In the Jio platform business, the consolidation is more on different verticals apart from e-commerce. It is now in agriculture to edu tech, health tech, and some other verticals as well. That sounds extremely promising. One could argue that business wise, this company has lined up their business vertical in a systematic manner wherein they could see around 25% CAGR growth in the working of the company going forward in the year after.

What is your view on the big tech names? Would you stick with TCS, Infy or would you look at the mid tier names?
We continue to focus on TCS, Infosys, Happiest Minds kinds of companies. We believe they have a reasonably good case for higher growth. In the case of Infosys and TCS and Happiest Minds, digital play is registering significantly large growth and that is why it is going to be the driver for the next three to five years. Most of their major customers would probably convert that business on a B2C basis where digital would be the larger play going forward.

Among the mid tier companies, some of the interesting companies are Tata Elxsi and KPIT, which are shaping up well as far as their business is concerned though they are mid tier smaller size companies. Their focus is very niche on that respective domain on which they are operating and we continue to like them as well.

What is your outlook on NALCO’s earnings?
The continued earnings prospects in the metal commodity space would help aluminium players like Nalco. The white metals look relatively steady for growth going forward. The current performance is against the backdrop of stress in the working that they have been facing up till last year.

Last year was extremely good as far as the metal commodity space is concerned, where not only did the realisations improve but it also allowed them to unlock some part of the capacities which some of these companies have not been able to do with the demand related situation. From that point of view, both the volume as well as the value play is now a reality for many of the metal companies and I am happy that after a long gap, Nalco started producing relatively better performance.

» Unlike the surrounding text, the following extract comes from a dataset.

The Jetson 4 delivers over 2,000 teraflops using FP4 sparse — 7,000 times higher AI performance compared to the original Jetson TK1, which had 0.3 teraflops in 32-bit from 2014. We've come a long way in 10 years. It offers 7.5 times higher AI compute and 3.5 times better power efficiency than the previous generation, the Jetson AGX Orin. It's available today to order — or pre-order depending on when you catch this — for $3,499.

In Q4, there was a tax credit while last year, there was tax outgo. This year, tax credit is helping the company report relatively better numbers. However, the operational performance definitely remains relatively better compared to past years.

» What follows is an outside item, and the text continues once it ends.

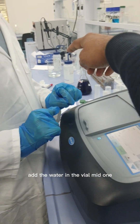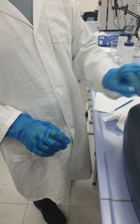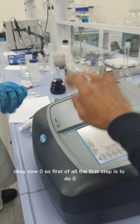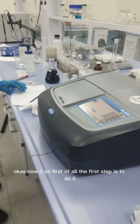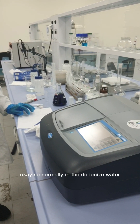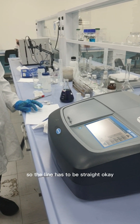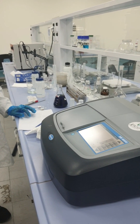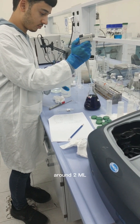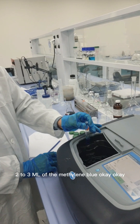Now add deionized water into the cuvette and close it. The first step is to zero the instrument. Normally with deionized water there is no compound present, so the baseline has to be a straight line. Add around two to three mL of deionized water for the blank.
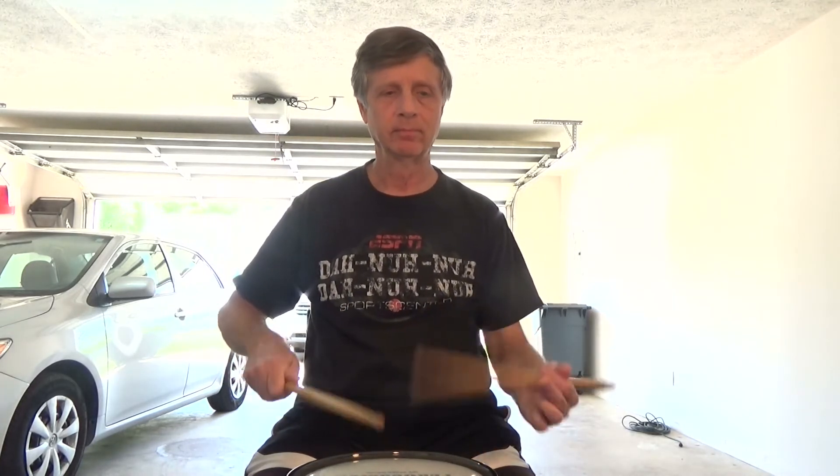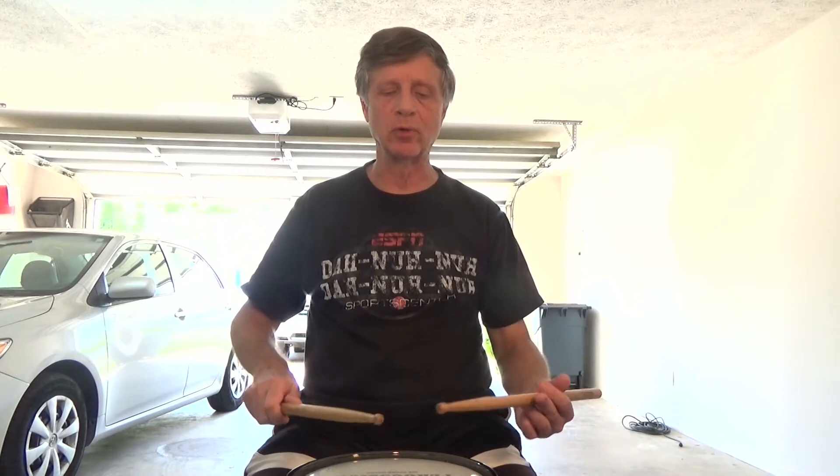Third line, we're going to add another beat to the roll, so we're going to have three counts of a roll and then one count of triplet, alternating left, right, left. And then the last line is just straight triplet roll.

Where within the auto ancillary space and tyre stocks in particular, do you see a good opportunity for a long-term bet at current levels?
Fortunately, demand conditions in both the OEM market as well as replacement market remain extremely strong for most of the tyre companies and last year was exceptionally good. They had cost advantage last year which may not be the situation going forward in the current year. Now, most of the costs are at par level vis-à-vis the advantage that they had seen earlier.

So on one side, a higher amount of volume offtake is taking place on both counts the replacement market as well as the OEM markets. On the other side, we are seeing a situation where the cost is getting neutralised and they will definitely have a larger amount of profit performance to report based on the volume. Fortunately, that scenario is likely to prevail for a longer period of time.

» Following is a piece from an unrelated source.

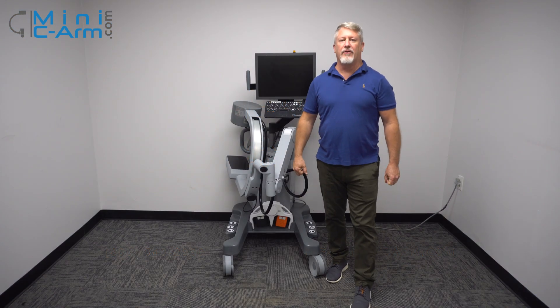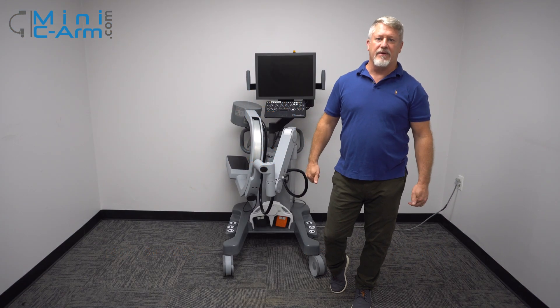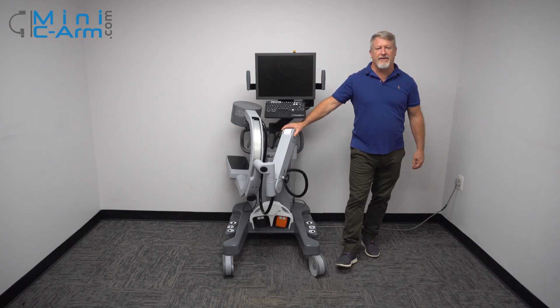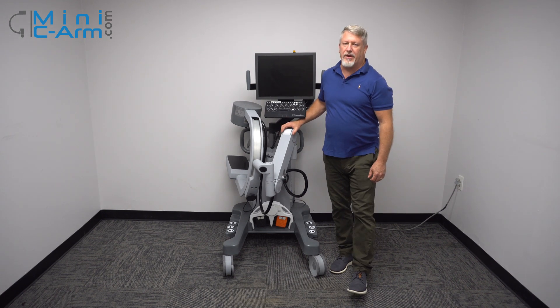Hey guys, I'm Christopher Bacon, the founder of OrthoScan and the president of MiniSearm.com. Today we're going to go over the OrthoScan FD, which is their first flat panel system.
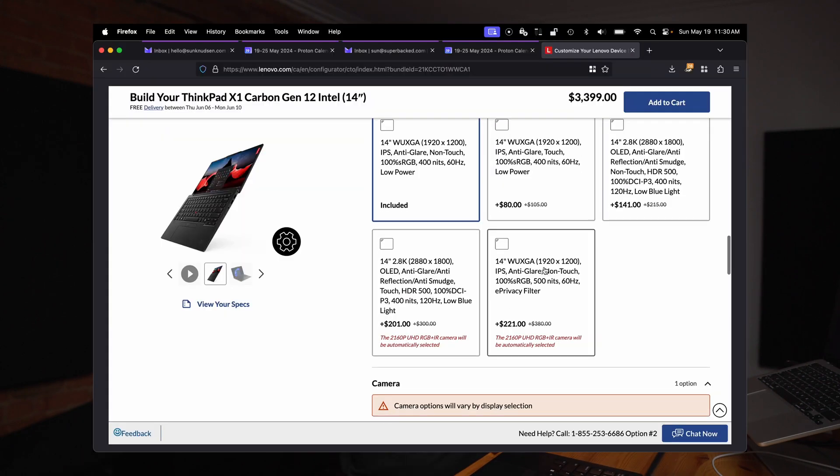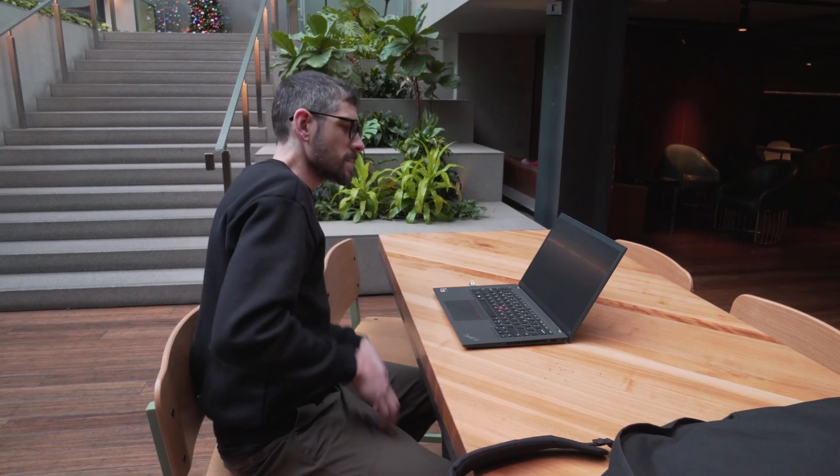But it did have one very interesting feature, which is that this screen has some kind of built-in privacy filter. At the toggle of a switch on the keyboard, you can essentially enable the feature, and then when you're looking at the screen from about 45 degrees, it becomes way harder to read what's on it.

The automobile industry per se is looking quite interestingly positioned including outside India and this particular space is looking much better than what it was before Covid struck last year. From that perspective too, the companies which are focussing on domestic as well as on export markets, would be relatively better off in the tyre space for sure. But other than that, in the auto ancillary space, those companies which have the tech enabled assemblies supplied to OEMs, would be relatively better off.

The electronic components in the cars are basically going up — be it for infotainment systems or entertainment systems. So this particular segment is likely to have a better amount of profit realisations for some of the auto ancillary companies and that is where companies like

are relatively stronger compared to others in this space. This space is looking interesting for the next three to five years.